Endless Group incident
VM Host Disk Failure (Was: Continued Maintenance)
Endless Group experienced a critical incident on May 27, 2023 affecting DirectAdmin and Homepage/Signups and 1 more component, lasting 4d 8h. The incident has been resolved; the full update timeline is below.
Affected components
Update timeline
- monitoring May 25, 2023, 03:02 AM UTC
The previous maintenance tasks have not yet been completed.
- investigating May 25, 2023, 03:20 AM UTC
We are experiencing a problem where one of our host machines is unable to successfully reboot following the upgrade. We are working on this issue as fast as possible.
- identified May 25, 2023, 11:25 PM UTC
We have identified the problem as a failing disk in one of our host machines. We are recovering the machine but as this may use a large portion of our in-network bandwidth, please expect degraded performance on your sites at this time.
- identified May 27, 2023, 05:38 AM UTC
We will be rebooting the remaining host system in order to finalize the update.
- identified May 27, 2023, 06:06 AM UTC
We are continuing to work on restoring the failed host. Most customer systems should be back online at this time.

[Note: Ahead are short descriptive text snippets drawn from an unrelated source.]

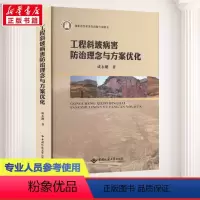 [正版]工程斜坡病害防治理念与方案优化 成永刚 著 地质学专业科技 书店图书籍 中国地质大学出版社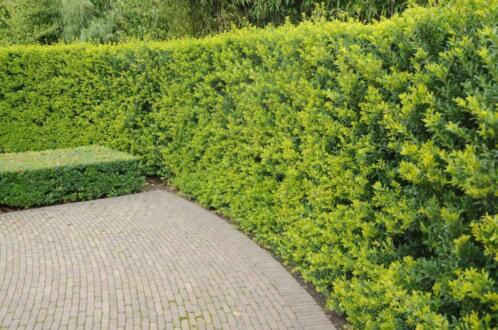 Ilex crenata Dark Green, 1,99 per pot, lonicera 0,99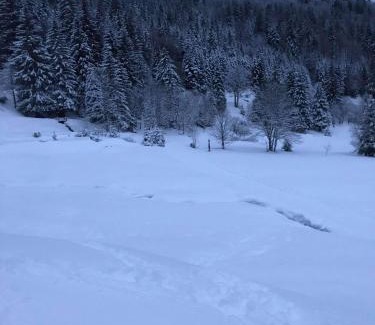 La Bresse Apartment | Bel appartement neuf équipé au pied des pistes du HONHECK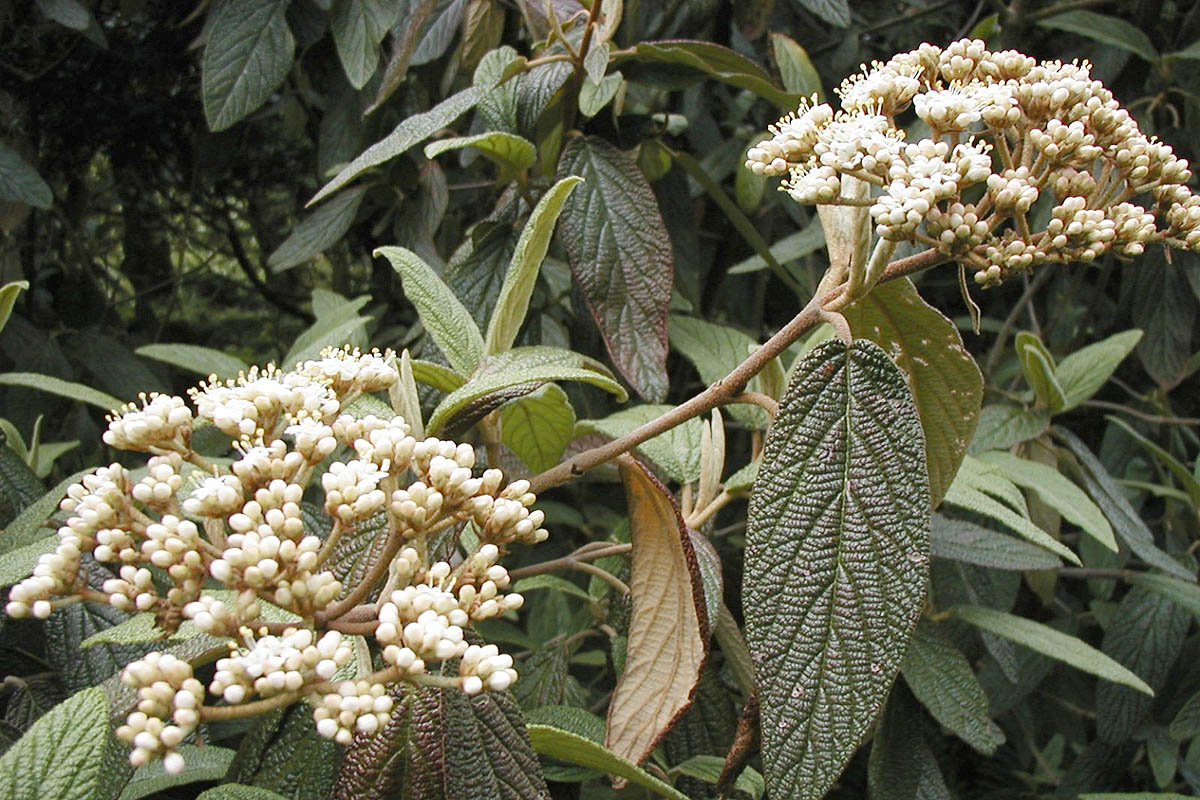 Leatherleaf viburnum leaves and flowers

- monitoring May 28, 2023, 08:17 AM UTC
All host systems have been successfully restored and confirmed to be operational. New drives were installed in the failing machine. Additionally, our new host system has been joined to the cluster. We are now monitoring to ensure that all components are operating normally. All customer systems should be online at this time. If you are experiencing an issue with your system, please contact us using our support channels.
- resolved May 31, 2023, 03:04 PM UTC
We have been monitoring our host systems and have not observed any further issues. We consider this incident to be resolved. If you are still experiencing problems, please contact our support.